The Pros of LinkedIn Message Ads
I’m someone who likes to hear the good news before I hear the bad news, so in true fashion, we’ll start by looking at “the good news” when it comes to these ads. InMail ads offer some pretty nifty personalization features, such as messaging that can include the receiver’s first and last name, job title, and/or their company name and industry. These fields are dynamically inserted within your message to add a touch of personal flair to your ad. This elevates a typical ad to a personalized invitation.
InMails are perfect for highly specialized, unique offers and often garner around a 50% open rate on average. Let’s take a look at these three LinkedIn campaigns. All of these campaigns used the same audience targeting and the same bidding strategies. The difference? The ad format.
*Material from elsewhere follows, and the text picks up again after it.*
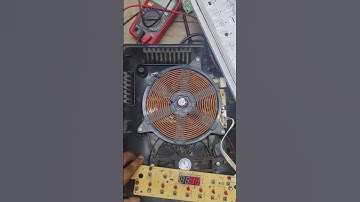 Bajaj icx peral display EE error problem #induction #shortvideo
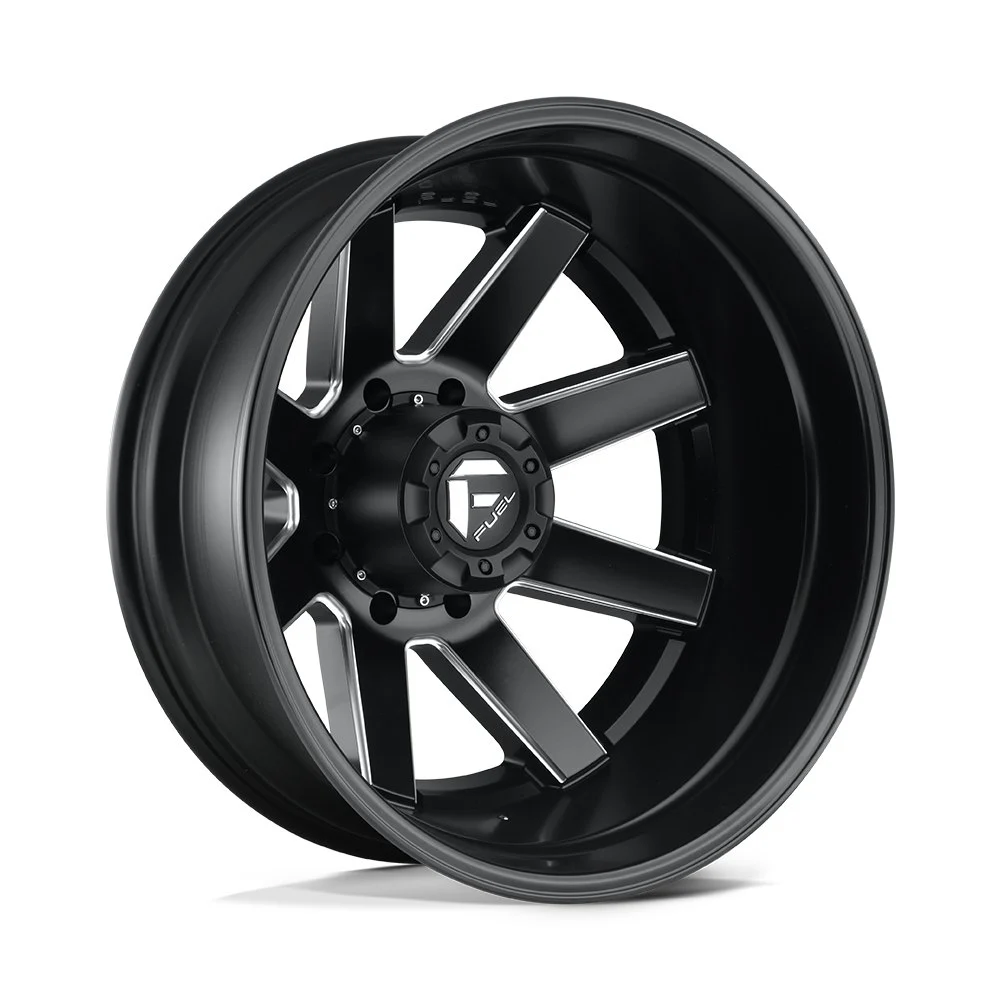 Fuel Off-Road D538 Maverick - photo may show a different lug count; this part is 8x165.1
The one underlined in red is the InMail campaign and the two below it are a single image and video ad, respectively. One thing I’ve found with InMails is that if your message reaches the right audience, they’re highly likely to open it. Since you’re delivering content right to a user’s inbox who’s actually active on the platform, your chance of engagement is much higher compared to other ad types. For example, clicks are ~1.5 to 1.75x higher for the InMail campaign (the Button Clicks in the first screenshot) compared to the single image and video ad clicks in the last two campaigns, which can be seen in the below screenshots
Now we’ll examine the areas where InMails struggle. For our example, let’s use the same campaigns as before. InMail campaigns are known for being expensive, and it’s true. With InMails, you pay whenever a message is sent, rather than when someone clicks on your ad. As you can see, the InMail campaign spent the most yet is the lowest-performing of the three when it comes to conversions. What does this tell us? Just because a user opens your message, there’s no guarantee they’ll take action beyond that.
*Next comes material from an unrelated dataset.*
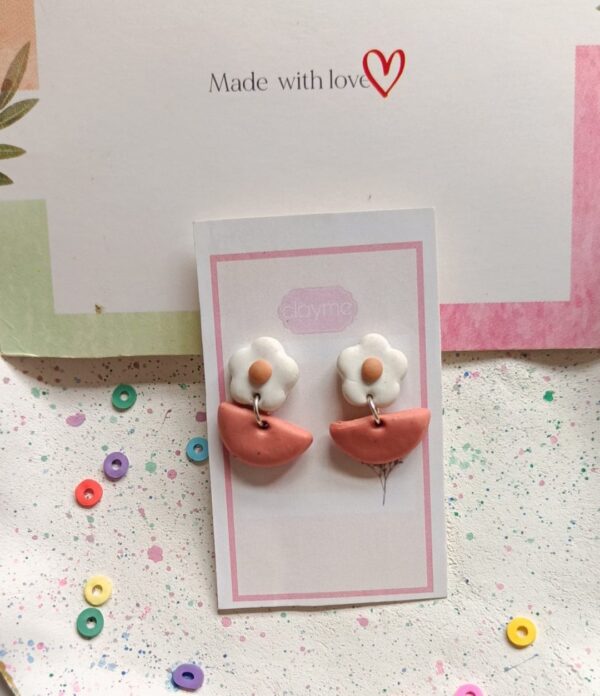 Mini Flower Candy Studs - Image 4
One thing to keep in mind is the “Average Click-Through-Rate” metric can be a little misleading, as it’s not measuring the actual number of link clicks, but rather the number of times the InMail was opened. If you compare the two images above, you’ll see the open rate of the InMail campaign matches the CTR of the InMail campaign in the second screenshot. That also causes a discrepancy when comparing the average cost-per-click of InMail ads to other ad types because the avg. cost/click of InMail ads is calculated based on the number of opens as well.
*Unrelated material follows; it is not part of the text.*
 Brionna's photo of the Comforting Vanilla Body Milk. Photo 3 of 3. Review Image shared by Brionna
Another “con” associated with InMail campaigns is that they have a hard frequency cap. LinkedIn members only receive the same message ad once every 45 days, which could quickly tap out your audience depending on the size. One way to get around the frequency cap would be to create several ads within the same campaign. That way, a user could receive multiple variations of the same message within that 45 days and your audience wouldn’t dry up as quickly. It’s also an excellent way to test subject lines or other elements of your ad against each other.
InMail ads themselves are also a pain to edit once they are active. As you can see, there is no option to edit here. That means if you’ve discovered a typo or your brand wants to send users to a different landing page, there’s no swift way to accomplish this. To resolve the issue, you’ll need to duplicate the ad, make the necessary changes, and remember to pause the old one once you’re finished. The reason I say “pause” and not “delete” is because once again deleting an active ad isn’t an option. This mechanic isn’t so much an exclusive issue for InMail ads, but rather for all of LinkedIn’s ad formats as a whole.
So when is the correct time to use an InMail campaign? My conclusion is that it depends on the product/service being offered and if you have strong messaging to go along with a hyper-targeted audience. I’d almost always use this ad format for a B2B audience, as I think it’s an effective method to drive leads more than anything else.
In my opinion, the mistake I made was trying to use an InMail campaign on a prospecting audience who wasn’t super familiar with the brand or product being offered. I believe this led to a large portion of users opening the ad and not bothering to read the message or take any further action. My next step is going to be utilizing the message ad format on my remarketing audience to see if they’re more receptive to it.